I have a simple query for counting the distinct amount of users playing a game, however since the table has grown to 45 million rows its taking about 30 seconds. Is there any way to make this more efficient? The hashed match is taking about 37% of the execution plan and the rest is hitting the index. Due to the way this table works there can be many rows with the same username in the playername column.
SELECT COUNT(DISTINCT PlayerName) AS UniqueCount FROM [Players].[dbo].[PlayerStateChangeEvents]
Do you have an index on PlayerName? You might look at maintaining the count when the table is updated - especially if the count is small compared to the number of rows in the table. You could also make the index smaller by holding a player id rather than a name on this table - should also make the table smaller too.

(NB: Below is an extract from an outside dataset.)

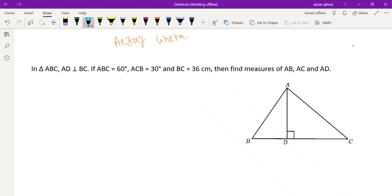Hi everyone, good morning. Hope you all are fresh and fine and your preparation for the annual examination of 10th board is going well. This question was there in the SSLC model paper 2024 released by your Karnataka board, and this question had a choice. Application of trigonometry question was there with a figure given — a three-mark question which we have already solved in our previous video. We'll give a link in the description, and now we will solve this question.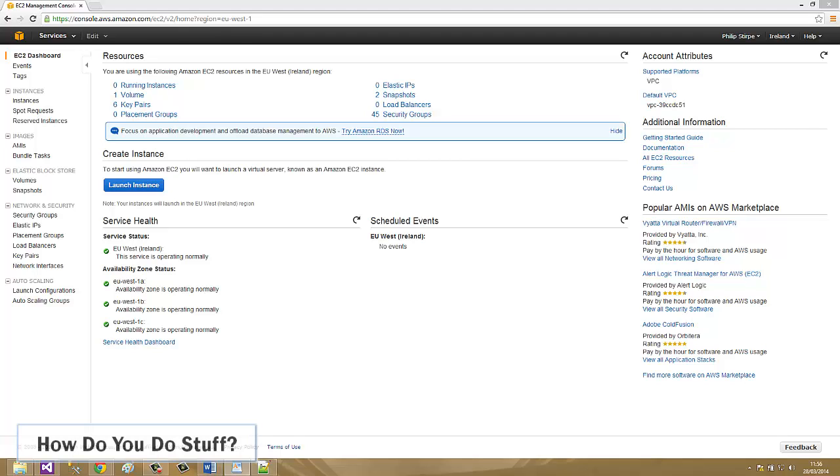Hi guys I'm Phil Sturpey. In this video I'm going to show you how to bootstrap EC2 instances with user data from the AWS console.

========================================== Cursors are useful if you don't know sql. SSIS can be used in a similar way. Beer is not cold and it isn't fizzy.

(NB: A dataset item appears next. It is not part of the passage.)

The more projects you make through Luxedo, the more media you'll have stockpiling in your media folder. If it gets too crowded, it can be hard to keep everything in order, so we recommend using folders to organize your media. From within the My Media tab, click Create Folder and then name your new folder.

No, only on ID is there a clustered index. Do you think adding a nonclustered index on PlayerName will help?
I'd love to be able to ID my players with a numerical value but thats not the way the data is inserted and cant really be changed. The Playername is data sent to me via way of XBox live/PSN etc.
>> Do you think adding a nonclustered index on PlayerName will help? Yes it would help this query. Might slow down other things though. You will probably find you are very limited if you only have a clustered index on an identity? Everything that doesn't use that column to filter will probably table scan.
========================================== Cursors are useful if you don't know sql. SSIS can be used in a similar way. Beer is not cold and it isn't fizzy.